START EXERCISE DATA

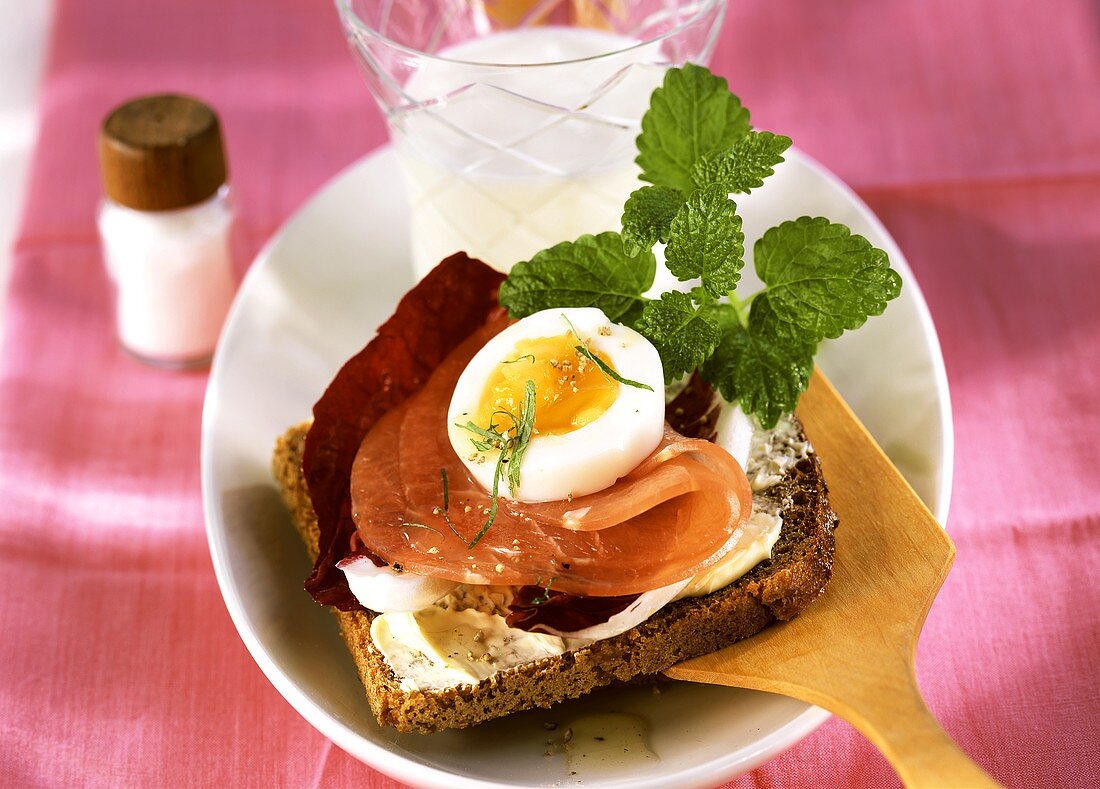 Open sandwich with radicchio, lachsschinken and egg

END EXERCISE DATA
START EXERCISE DATA

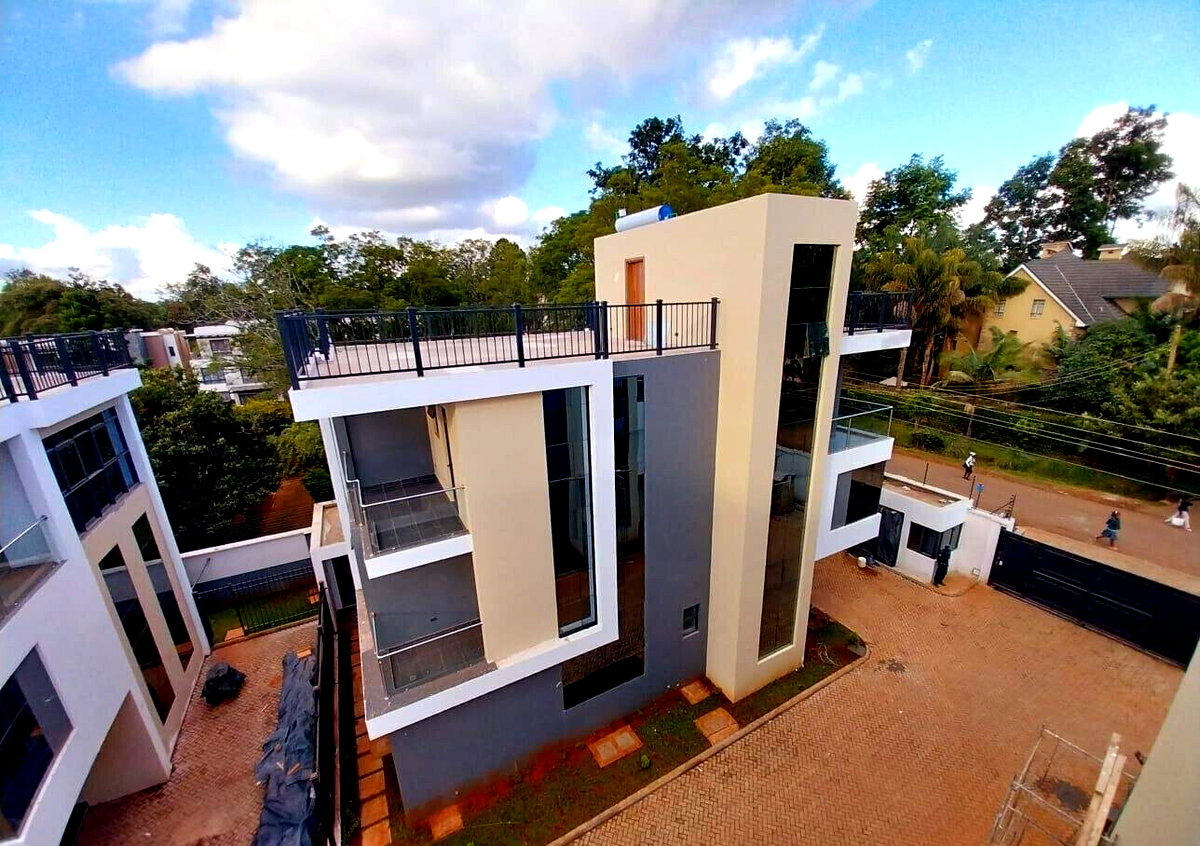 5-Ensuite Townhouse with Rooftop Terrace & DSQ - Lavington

END EXERCISE DATA
START EXERCISE DATA

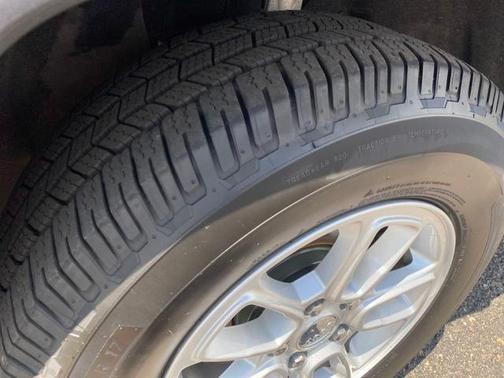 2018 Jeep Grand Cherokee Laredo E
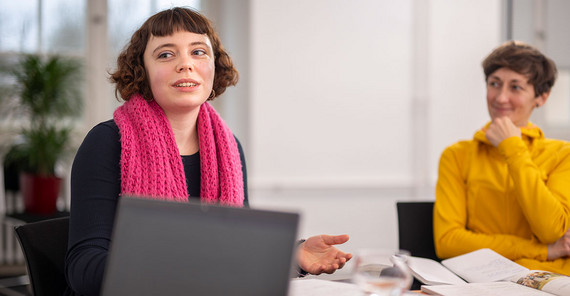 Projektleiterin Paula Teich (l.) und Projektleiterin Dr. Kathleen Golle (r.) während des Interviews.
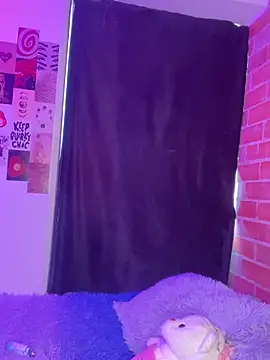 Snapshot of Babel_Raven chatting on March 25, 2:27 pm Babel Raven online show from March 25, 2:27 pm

END EXERCISE DATA

In the listing above, find the line with "2018 Jeep Grand Cherokee Laredo E" and the line with "Snapshot of Babel_Raven". Set down exactly those lines and everything between them, skipping pictures.

## [RESPONSE TO THIS TASK]
 2018 Jeep Grand Cherokee Laredo E
 Projektleiterin Paula Teich (l.) und Projektleiterin Dr. Kathleen Golle (r.) während des Interviews.
 Snapshot of Babel_Raven chatting on March 25, 2:27 pm Babel Raven online show from March 25, 2:27 pm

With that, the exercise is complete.